Dessa forma, a contratação direta de serviços técnicos especializados, com profissionais que detenham notória especialização depende não somente da caracterização do profissional como também da caracterização do objeto como específico ou especializado cuja necessidade seja eventual ou não permanente, ambos a serem aferidos em juízo de proporcionalidade em cada caso.

A interpretação construída nos tópicos precedentes não deve induzir à conclusão equivocada de que nada mudou com a edição da Lei 14.039/20, ao contrário. A nova lei, como dito, estabelece presunção de licitude da inexigibilidade, quando comprovada a notória especialidade do profissional. Seria uma espécie de interpretação autêntica, com o legislador interpretando a norma por ele mesmo produzida.
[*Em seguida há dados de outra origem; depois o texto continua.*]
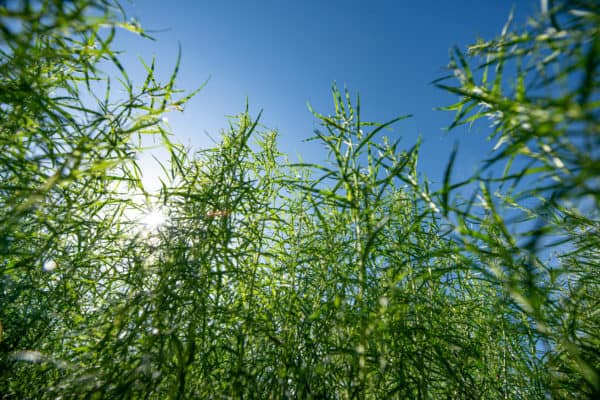 Tarragon is part of the sunflower family.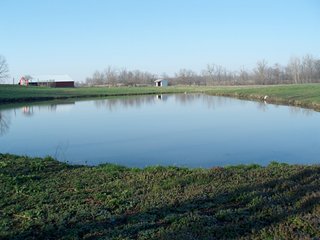 80 Acres with nice mix of tillable and wooded acres.  Only 15 minutes to Richmond, IN.  Northeastern Wayne Schools. 

Current lease on tillable ground through 2012.  - 80 Acre Complete Farm Unit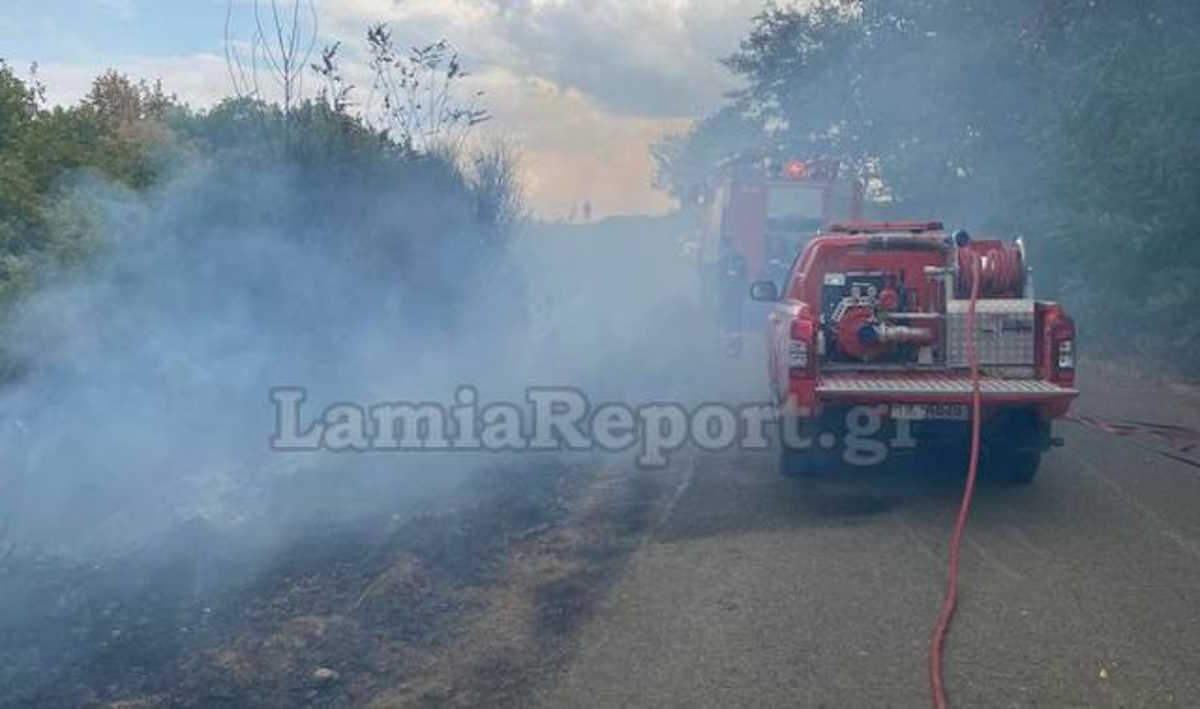 Φθιώτιδα: Φωτιά από κεραυνό κοντά στη Μακρακώμη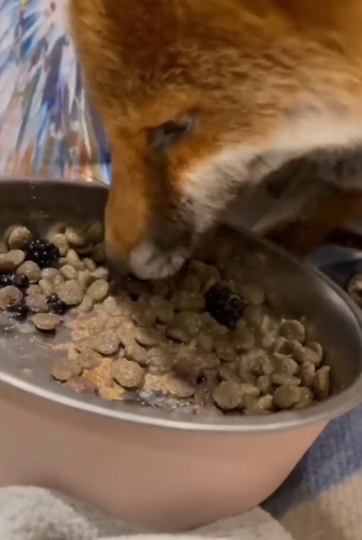 C1711019_Woman Rescues Wild Fox Adopts Him What Happens Next Will Shoc…_part2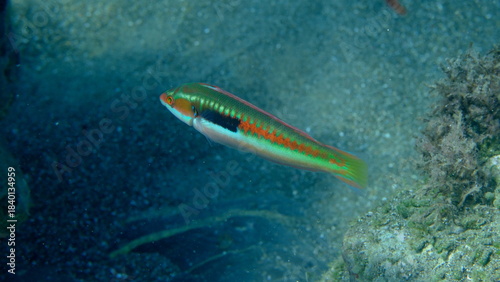 Εκτύπωση καμβά Mediterranean rainbow wrasse (Coris julis) undersea, Ligurian Sea, Italy, Imperi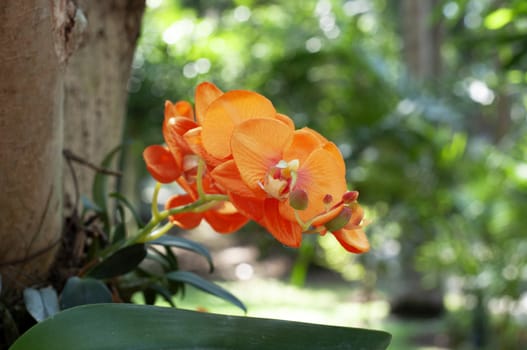 Beautiful Vanda Orchid flower in Chaingmai Thailand. Beautiful Natural Orchid flower in the garden. Natural Orchid plant.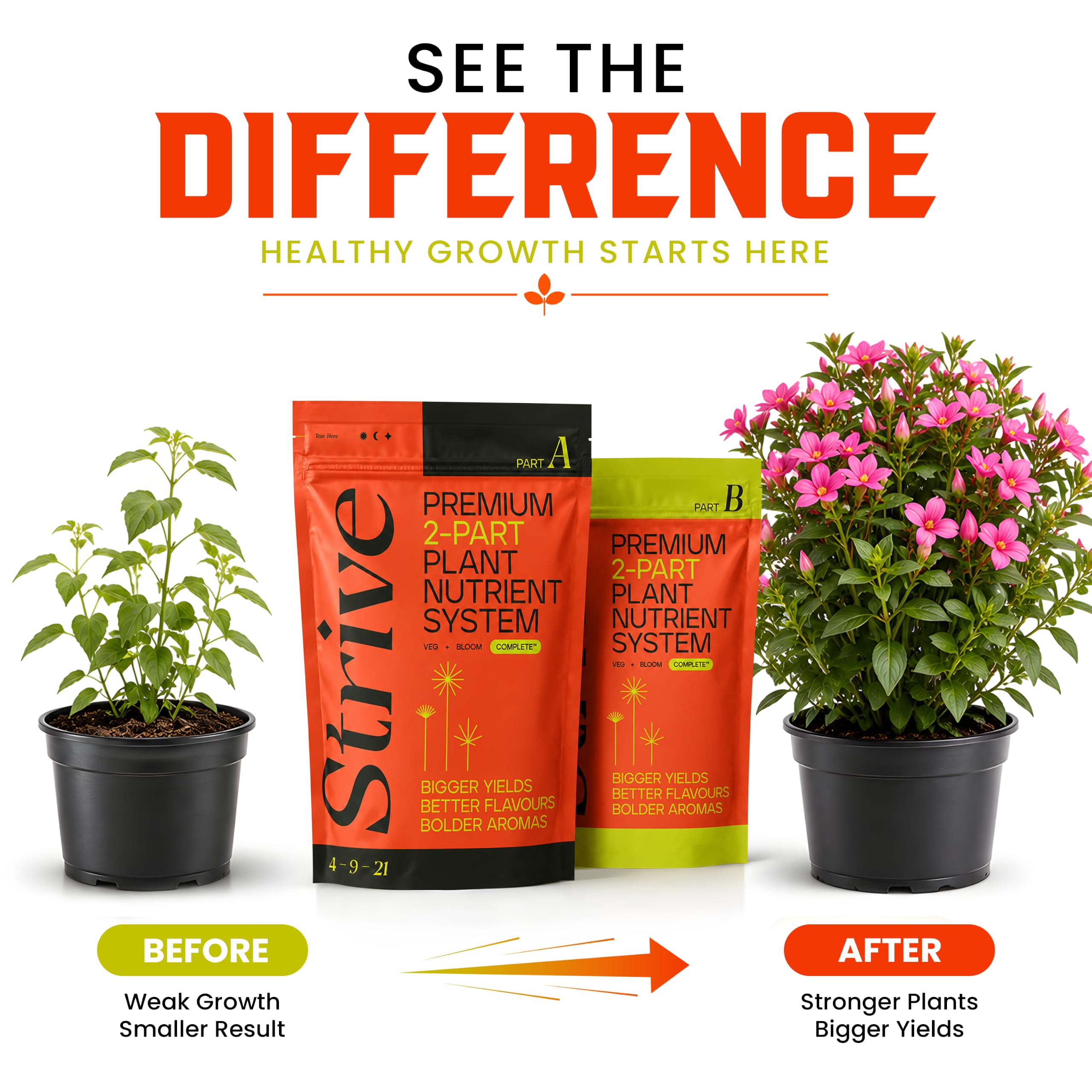 Strive Fertilizer Starter Kit Combo - Veg + Bloom General Hydroponic Nutrients - Indoor, Outdoor and Soil Growing Plant Food - Booster for Vegetables, Succulents, Flowers (Trial Combo 300 Grams)
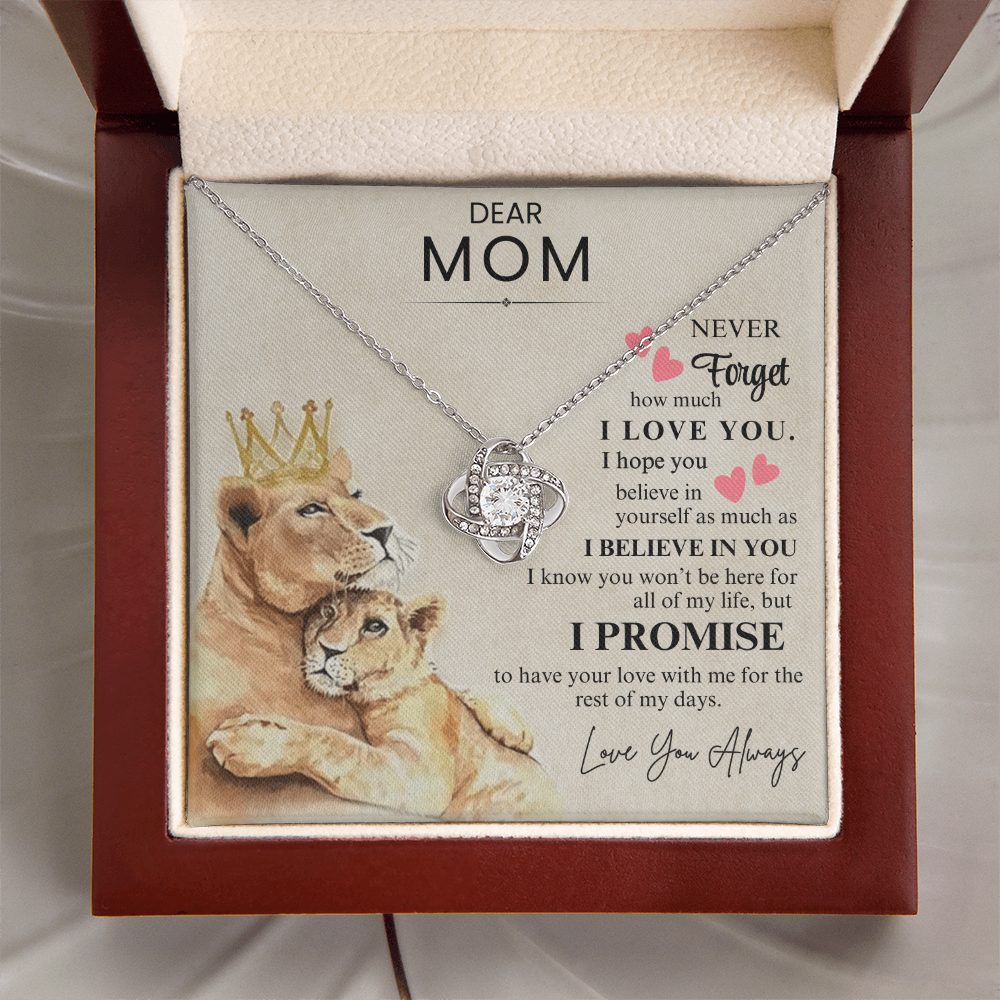 Dear Mom - Never Forget- SS701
No essencial, a presunção terá grande importância na esfera penal e de proteção à probidade administrativa, notadamente ao afastar presunções como dano in re ipsa e dolo in re ipsa, porque ambas pressupõem um mínimo dimensional de ilicitude na contratação, ficando descartada também a tese da indisponibilidade de bens via tutela de evidência, à medida que o legislador presume que quando a contratação se estabelece com o notório, sua desconstituição exigirá, no mínimo, dilação probatória [7].

Entretanto, continua sendo necessário evidenciar que o serviço específico é realmente qualificado ao ponto de exigir alguém de maior especialização, inclusive que cobre mais por isso. Continua não fazendo sentido contratar um profissional com qualificações acima da média para serviços corriqueiros  a notória especialização do contratado não é um salvo conduto para toda e qualquer contratação com recursos públicos, pois o ordenamento exige avaliação de alternativas para escolha proporcional.

Em conclusão, a premissa de singularidade legal tem grande reflexo na responsabilização do advogado e menor relevância na responsabilização do gestor público. Alguma coisa mudou, mas nem tudo: o gestor público continua adstrito ao seu dever de eleger alternativas de forma proporcional, motivada e transparente.

 


[1] MOTTA, Fabrício Macedo. A nova lei de contratação direta de serviços de advocacia por inexigibilidade de licitação. Consultor Jurídico, 2020. Disponível em: <https://www.conjur.com.br/2020-set-03/interesse-publico-lei-contratacao-direta-servicos-advocacia-inexigibilidade-licitacao>. Acesso em: 14 set. 2020.

[2] BANDEIRA DE MELLO, Celso Antônio. Curso de Direito Administrativo, 8. ed., São Paulo: Malheiros, 1996, p. 332.

[3] DALLARI, Adilson Abreu. Contratação de serviços de advocacia pela Administração Pública. Interesse Público IP, São Paulo, ano 1, n. 2, p. 116-128, abr./jun. 1999. Destaquei.

[4] Decreto-Lei nº 4.657/42:” Artigo 20. Nas esferas administrativa, controladora e judicial, não se decidirá com base em valores jurídicos abstratos sem que sejam consideradas as consequências práticas da decisão. Parágrafo único. A motivação demonstrará a necessidade e a adequação da medida imposta ou da invalidação de ato, contrato, ajuste, processo ou norma administrativa, inclusive em face das possíveis alternativas”. (Incluídos pela Lei nº 13.655, de 2018)

[5] “Nunca se pode esquecer, entretanto, o princípio da razoabilidade, que requer uma ponderação entre a natureza e a relevância dos interesses em jogo, a capacidade financeira de quem contrata e a disponibilidade de profissionais contratáveis, no espaço e no tempo”. (DALLARI, Adilson Abreu. Contratação de serviços de advocacia pela Administração Pública. Interesse Público IP, São Paulo, ano 1, n. 2, p. 116-128, abr./jun. 1999).

[6] (RE 663696, Relator(a): Min. LUIZ FUX, Tribunal Pleno, julgado em 28/02/2019, PROCESSO ELETRÔNICO DJe-183 DIVULG 21-08-2019 PUBLIC 22-08-2019)”

[7] Nesse entendimento também adiro às conclusões do prof. Luciano Ferraz.